We are supposed to think: "There but for the grace of God go I" except that we never will because we do not have moral shaped holes in our brain and we are not thieving bastard scum like politicians.
Anyway, things are changing before our eyes. There is something in the air.
Love is in the air
Everywhere I look around
Love is in the air
Every sight and every sound
No, no, no. It's not that at all. It's something more like this:
And I try, oh my God do I try
I try all the time
In this institution
And I pray, oh my God do I pray
I pray every single day
For a revolution
No, there is not quite revolution in the air, but there is an accumulating public anger which may become fury and rage.
Jon Snow on Channel Four News a few days ago basically shouted down Liam Byrne with something like this: "You have already said that three times now and I do not want to hear it again. I want an answer to the question I have put."
The fastidious politeness we are used to seeing when politicians are interviewed will start to go out of the window. Once you cease to trust people, you very soon start treating them with contempt. The veneer of public deference will soon give way to very open humiliation.
On the same programme, Krishnan Guru-Murthy interviewed, among others, Chris "Corby Statesman" Huhne in front of a small public audience. The politician tried to shout down and browbeat a member of the public who dared to question how abstemious and frugal he was with public funds. Immediately, another member of the audience kept saying through a sneering grin: "You don't get it, do you? You just don't get it!"
No, politicians do not get it, but they will.
This is what Al Franken says in his book Lies And The Lying Liars Who Tell Them:
In her book A Distant Mirror: The Calamitous Fourteenth Century, Barbara Tuchman writes about a peasant revolt in 1358 that began in the village of St. Leu and spread throughout the Oise Valley. At one estate, the serfs sacked the manor house, killed the knight and roasted him on a spit in front of his wife and kids. Then, after ten or twelve peasants violated the lady, with the children still watching, they forced her to eat the roasted flesh of her husband and then killed her.
That is class warfare.
Arguing over the optimal marginal tax rate for the top one percent is not.

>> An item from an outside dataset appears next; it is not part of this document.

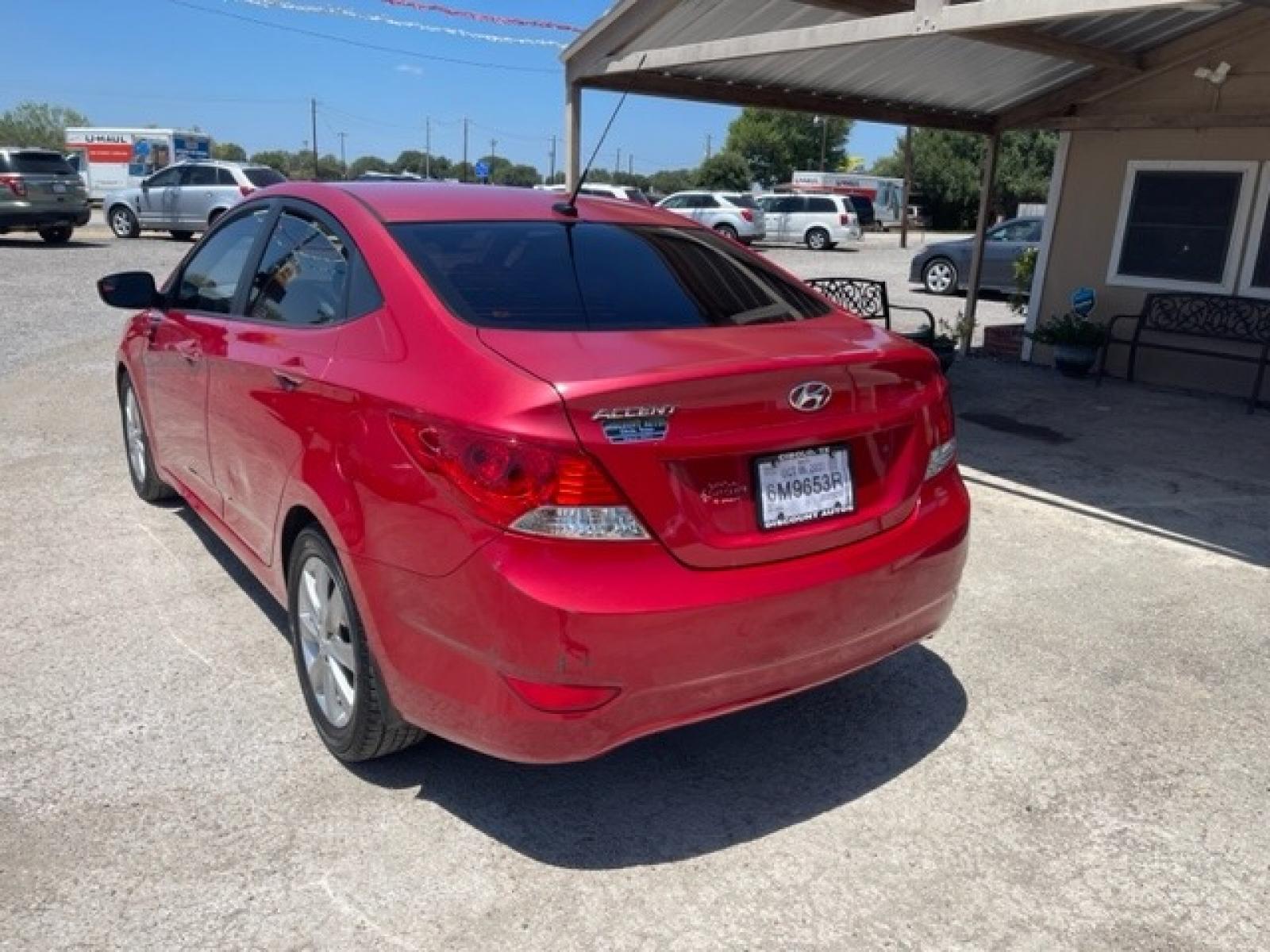 2014 RED HYUNDAI ACCENT GLS (KMHCU4AE8EU) with an 1.6L engine, Automatic transmission, located at 124 Elm St., Cibolo, TX, 78108, (210) 658-3118, 29.559427, -98.232384 - www.discountautosinc.com TEXT QUESTIONS TO 210-900-3118 35 MONTHLY PAYMENTS OF $285 WITH $1695 DOWN AND FINAL ODD PAYMENT OF $151.19 W/FIRST PAYMENT DUE 30 DAYS FROM DATE OF SALE. WARRANTY ON ENGINE and TRANSMISSION ONLY FOR 3 MONTHS OR 3,000 MLS. 36 MO'S TERM W/ 22.44 APR - Photo #1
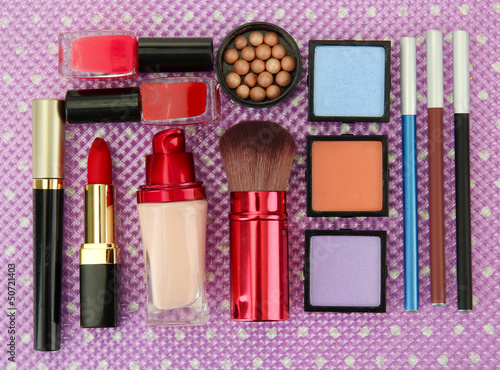 Photo: Decorative cosmetics on purple background Decorative cosmetics on purple background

The problem for the commentariat like us is that if the poor do rise up, we may look like just the same rich pickings.
"No, look, it's all on credit - here are the receipts - I'm poor just like you!" may not save our skins.

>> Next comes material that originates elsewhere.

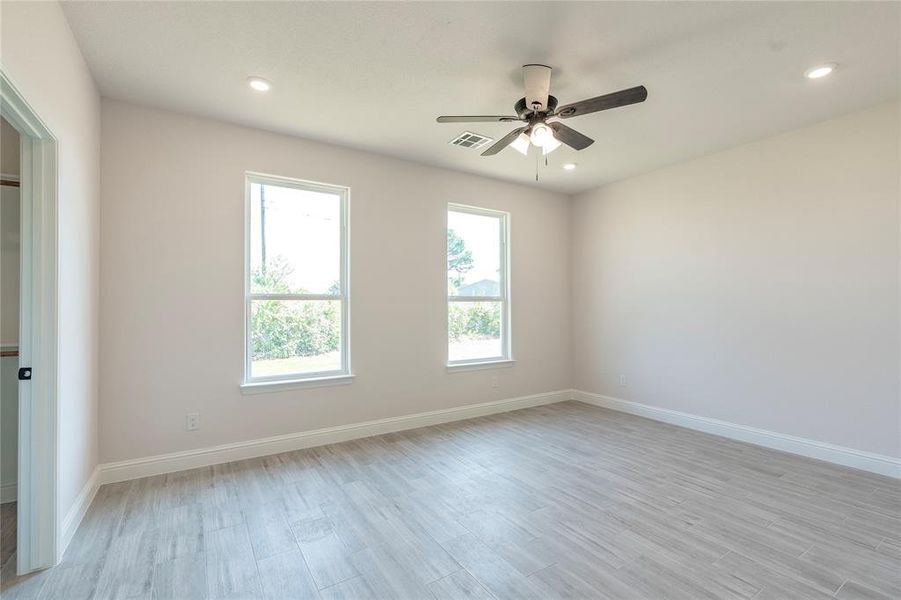 Empty room with ceiling fan and light wood-type flooring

Perhaps we should resign our chatterati status before we have it thrust down our throats.
The common people may not speak in such lovely sonorous tones and drop their erudtion with such careless insouciance, but they may be the ones who pull these robber barons from power.
Like a dog lying in a corner,
they'll bite you and never warn you.
Look out.
They'll tear your insides out.
'Cause Everybody hates a tourist,
especially one who thinks
it's all such a laugh.
Yeah, and the chip stains' grease
will come out in the bath.
You will never understand
how it feels to live your life
with no meaning or control
and with nowhere left to go.
You're amazed that they exist
and they burn so bright,
while you can only wonder why.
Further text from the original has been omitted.